28/52 – Adventure
My in-laws gave us some money at Christmas and very expressly indicated that this cash injection was to be invested in our wants. Their gift wasn’t to be applied to debt or to be used to pay down our mortgage. The only instructions we were given was that we were to do something frivolous with it.
We weren’t entirely wonton. We saved a portion of it. And with the other half, we bought a canoe.
I’m not sure that most people would consider a canoe frivolous. It’s definitely not a need, but when you think of the word “frivolous” a canoe is certainly not the first thing that would comes to mind.
Otto and I have been together for 10 years now. We fancy ourselves, very loosely of course, as outdoor people. We like to swap stories of wilderness adventures that we had before our lives became entwined. But all we’ve managed to eek out since is car camping trips.
Admittedly, we have kids. Car camping + kids = the best kind of camping I can sanely manage.
The big kids have done interior canoe trips with their summer camps. They claim that they’re accomplished in the canoe. We headed out with them on a lake a few years back, on an admittedly windy day, and their paddling skills weren’t really on par with they thought their paddling skills were. I knew it would be a few years before I could take either of them in a canoe and maintain my sanity.
And with the arrival of the Doodle, well any family back country camping was put on the back burner for a few years.
But last summer, as we took our annual labour day car camping trip to Charleston Lake, we realized that we have a baby who loves sleeping in tents. We also have a toddler who prefers to be outdoors as much as possible. Actually, now that she can open the front door, she just tells us that she wants to go outside and regardless of whether we say yes or no, out the door she goes!
We’ve always wanted a canoe, we’ve always wanted to get to interior camping trips in the wilderness, and we thought that purchasing a canoe at this point in time in our life was pretty frivolous.
Our canoe is red. It’s an ultra light kevlar prospector canoe. It only weighs 48 pounds or so. It’s lovely. And it’s a tripping canoe.
With Bubaloo at summer camp, and Bella working, we ventured off as a family of three into the backwoods of Algonquin Park for a long-weekend canoe trip.
As far as canoe trips go, this one was pretty simple. We intentionally booked a trip without a portage. Actually, we just took a short hour-long paddle to our campsite. We wanted to be able to leave as quickly as possible should it turn out that the Doodle couldn’t manage the back woods.
As it turns out, the Doodle loves canoe tripping!

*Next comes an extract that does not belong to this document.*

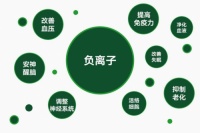 爱阁工房首选负氧离子净醛板,打造天然居室氧吧!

Paddling the canoe, fishing, sleeping in a tent, making a fire and roasting lots of marshmallows. She loved swimming naked in the lake, sitting perched in the stern of the canoe while I paddled behind her (and Otto sterned the boat), and swinging in the hammock with me. She loves her life jacket and the little stash of smarties we packed her that she would hoard them in her sweater pocket.
The Doodle loved walking around our island campsite in the carrier and taking trips to explore the thunder box (which she never used). She was a trooper when it came to dealing with the mosquitoes and horse flies, and even the very loud bull frog which took up residence at the edge of the lake right in front of our tent. We saw a dead moose in the water and she still talks about it till this day.
We all took long, glorious, mid-day naps, and curled up together in the tent as the sun went to sleep and the stars came out to play.
There were only two campsites on the island, and these were the only two sites at this end of the lake, so we saw very few people. It was as close to being in the wilderness alone that you can get with a toddler.
I’m so glad we stretched ourselves and got back to our roots. And I’m so glad that we have a child made for outdoor adventure.